With that thought in mind, the National Council of Legislators from Gaming States will present a “Gaming 101” as part of its meeting in January.
“Let’s face it, the shape of an industry in any state ultimately depends on how the state legislatures craft that industry,” said Michael Pollock, managing director of Spectrum Gaming Group. “They are the ultimate arbiters.”
Pollock said the session will help a range of legislators, from freshmen to those who are joining gaming committees to those who are getting casinos added to their districts.
“It’s also important for legislators who simply want to make sure they are staying abreast of the trends in gaming,” he said.
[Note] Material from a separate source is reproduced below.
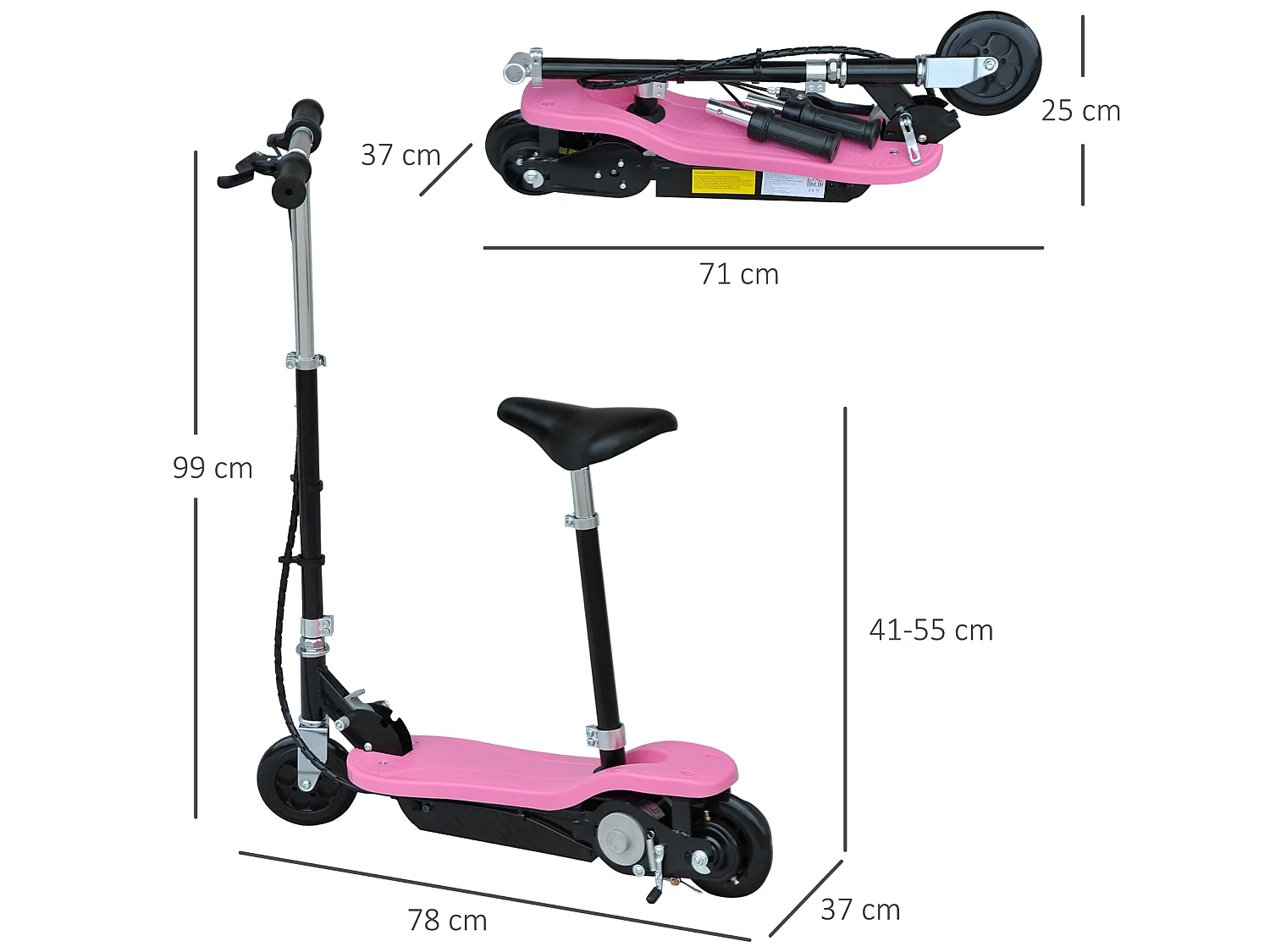 Trottinette électrique 120 W pliable pour enfants à partir de 7 ans hauteur de guidon et selle réglable 10 Km/h max. rose noir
NCLGS was created about ago 10 years and Spectrum Gaming assumed management responsibilities last year. Pollock emphasizes that, like Spectrum Gaming, NCLGS is neither for nor against gaming.
“What NCLGS hopes to do and has done in the past is identify the issues,” he said. “Then they can go home to their respective district and potentially shape policies that get them the best benefits.”
Pollock identified sports betting, online gambling and the convergence of lotteries with casinos as new topics that legislators might need information on.
State legislatures also have a higher turnover, so that increases the need for education, he added.
“When you talk about state legislatures every year is an election year,” he added.
And gambling also has a greater impact than many might think in state government, because the revenues feed the state budgets.
“There are also a lot of misperceptions from what to tax and at what rate, as well as how do you deal with tribal gaming, in which states aren’t entitled to taxes,” he said.
Legislators, casino executives, regulators, attorneys, and others with an interest in gambling will convene for Jan. 6-8 in Scottsdale, Ariz., for NCGLS. The conference is open to the public via nclgs.org.
Arizona attorney general Mark Brnovich will give the keynote address. Other topics at the meeting include gaming expansion, pari-mutuels, technology impacts and tribal gaming.